Once the line containing "Vivo Y31 4gb Ram 128gb Storage 0" appears, output it and each remaining line of the records below exactly, with no pictures and nothing more.
--- --- ---
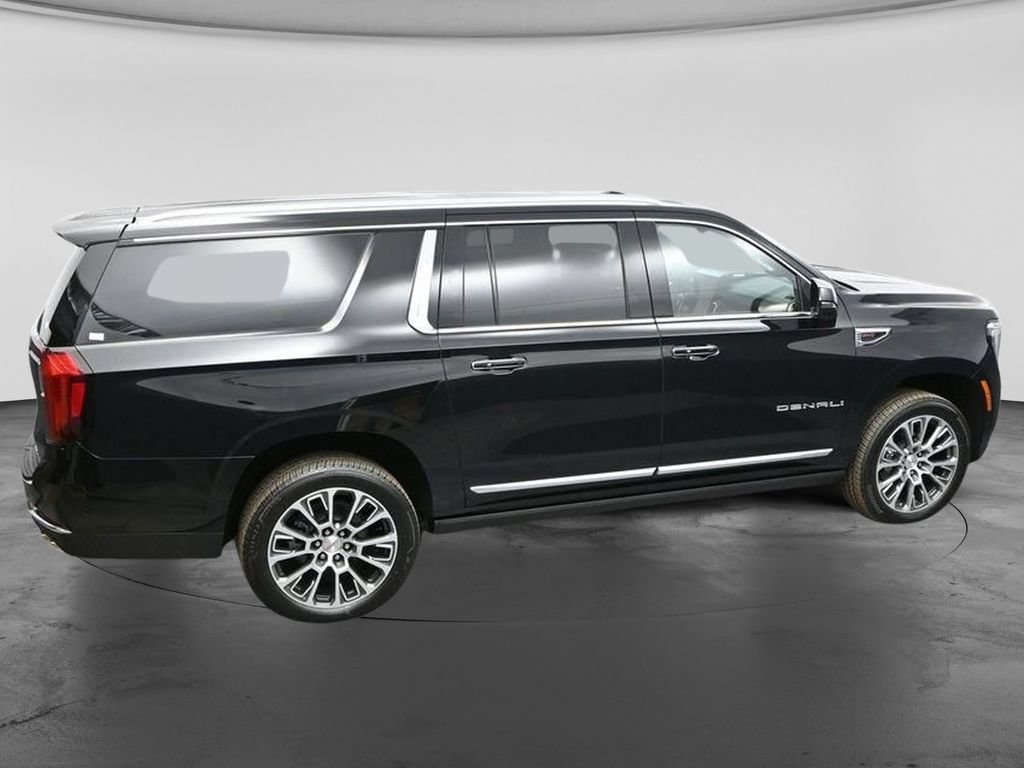 New 2026 GMC Yukon XL Denali w/ Sun & Power Step Package AWD/4WD image 44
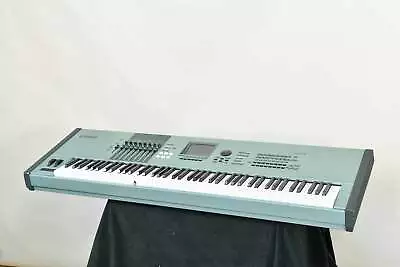 Yamaha Motif XS8 88-Key Synthesizer Keyboard Workstation CG005Y6 • $1899.99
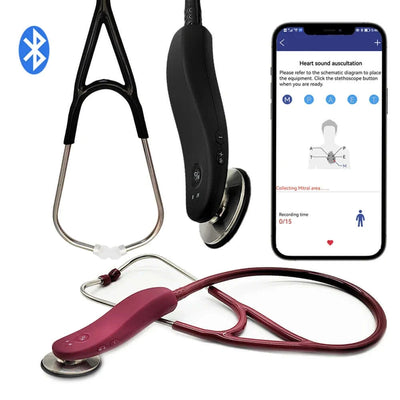Stethoscope digital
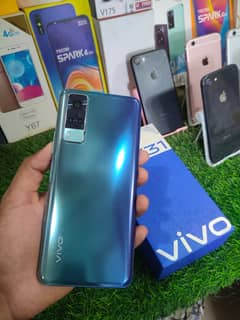 Vivo Y31 4gb Ram 128gb Storage 0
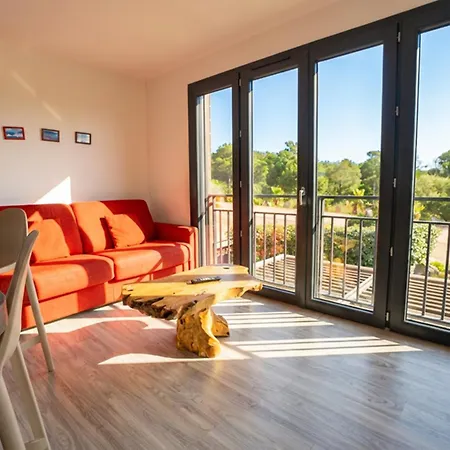 Apartahotel Résidence Pierre&vacances Premium Les Terrasses D'arsella Porto Vecchio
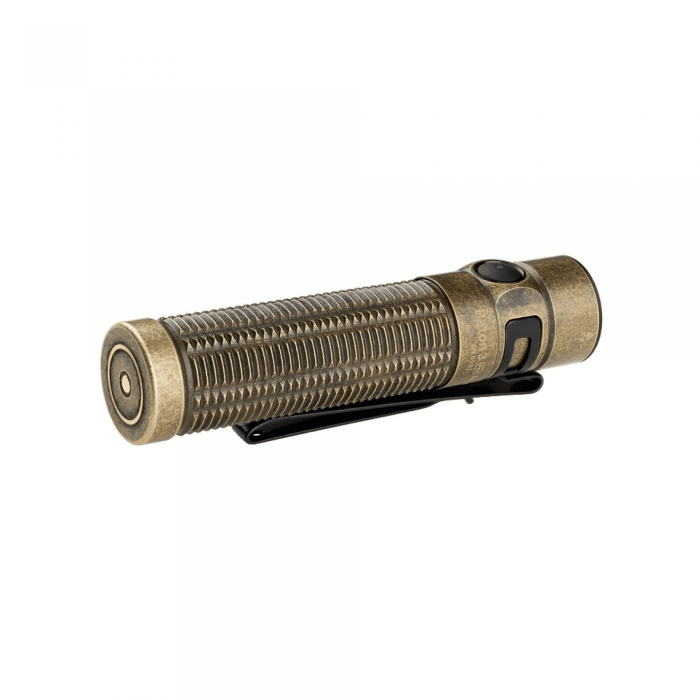 Ліхтар Olight Baton 3 Pro Max 2500 lm Brass Stonewash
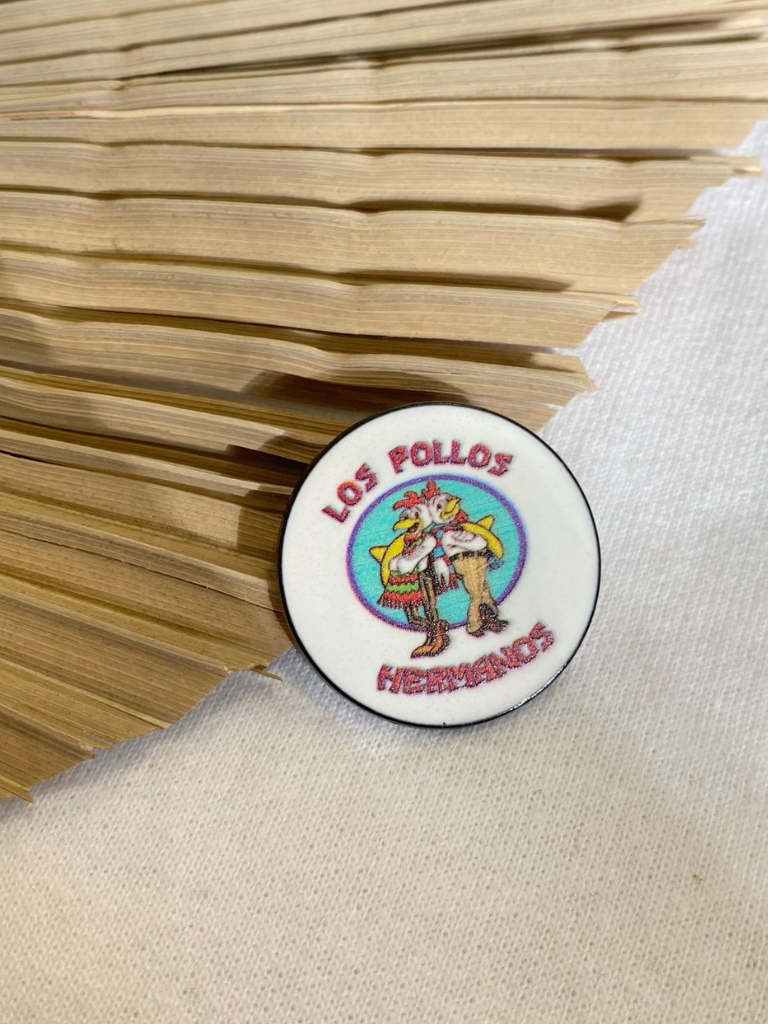 Pollos Pin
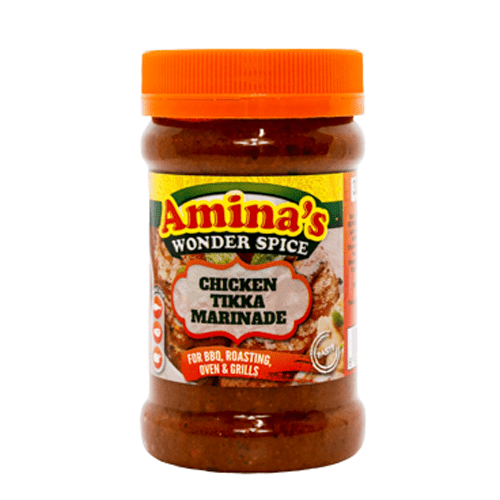 Aminas Chicken Tikka Marinade SaveCo Online Ltd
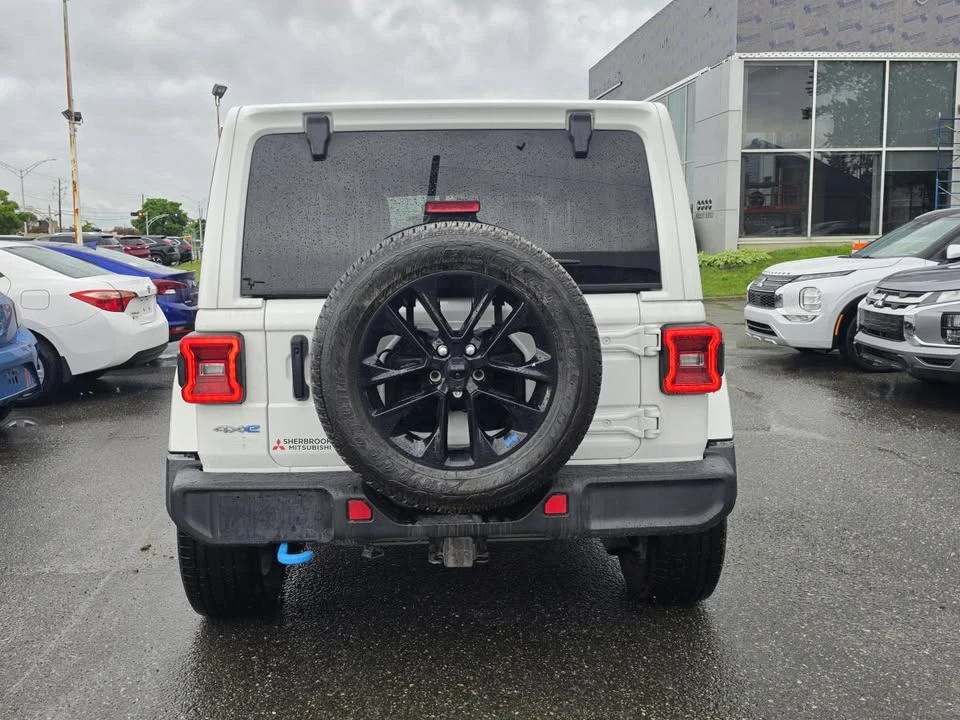 2023 Jeep JL Wrangler - Image 6 of 10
--- --- ---
◆ **Result**:
 Vivo Y31 4gb Ram 128gb Storage 0
 Apartahotel Résidence Pierre&vacances Premium Les Terrasses D'arsella Porto Vecchio
 Ліхтар Olight Baton 3 Pro Max 2500 lm Brass Stonewash
 Pollos Pin
 Aminas Chicken Tikka Marinade SaveCo Online Ltd
 2023 Jeep JL Wrangler - Image 6 of 10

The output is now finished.